Data on a computer

A few tools that can express almost anything.

Under the hood, computers access “‍memory.‍” Memory, in computing jargon Computer jargon is mostly based on English, not Latin. “‍Memory‍” is computer jargon for a particular class of ways of creating a gargantuan list of bytes. When speaking with someone about computing in English I might say “‍my memory’s not what it once was; how large was memory, again?‍” and assume they can tell that the first “‍memory‍” in that phrase was English while the second was jargon. This can be confusing to newcomers to the field. , is a gargantuan list of bytes. Very early in computer design, different hardware used different size bytes, but today all of them use octets. An octet is a number between 0 and 255 (inclusive). Computer hardware has built-in commands to access several consecutive octet as if they were a multi-digit base-256 number: for example, [103][221] = 103*256+221 = 26,586. They also have built-in ways to treat numbers as signed integers (e.g., treating a two-octet number as a value between −32,768 and 32,767 instead of as a value between 0 and 65,535) or as non-integer numbers (using something like scientific notation).

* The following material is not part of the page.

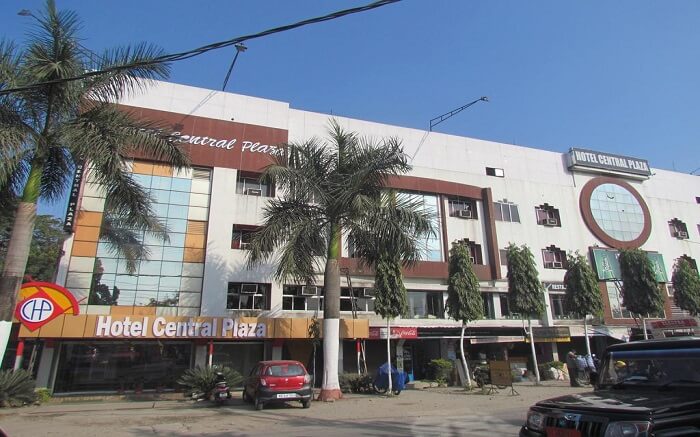 Hotel Central Plaza in Siliguri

Note that we’ve already mentioned many possible meanings of a single octet. Maybe it’s a number in its own right; maybe it’s the first digit in a larger number, or the second digit in a larger number, and so on; and maybe that number should be left as is, or treated as a signed integer, or treated as a non-integer. How does the computer know which one to do? We tell it.

Computers follow instructions we give them, and there are different instructions for each of these interpretations. I can tell the computer “‍go to position 39,048,452 in the list of octets called ‘‍memory‍’ and read four octets as a non-integer number.‍” I can also tell it “‍go to position 39,048,454 in memory and read two octets as a non-negative integer.‍” There are two octets (those as positions 39,048,454 and 39,048,455) that both of these instructions will access, and will interpret in different ways. It is hard to come up with a scenario where I’d want to read the same octets as representing two different kinds of things, but that’s on me, the programmer, to figure out: the computer just blindly does what I tell it to do.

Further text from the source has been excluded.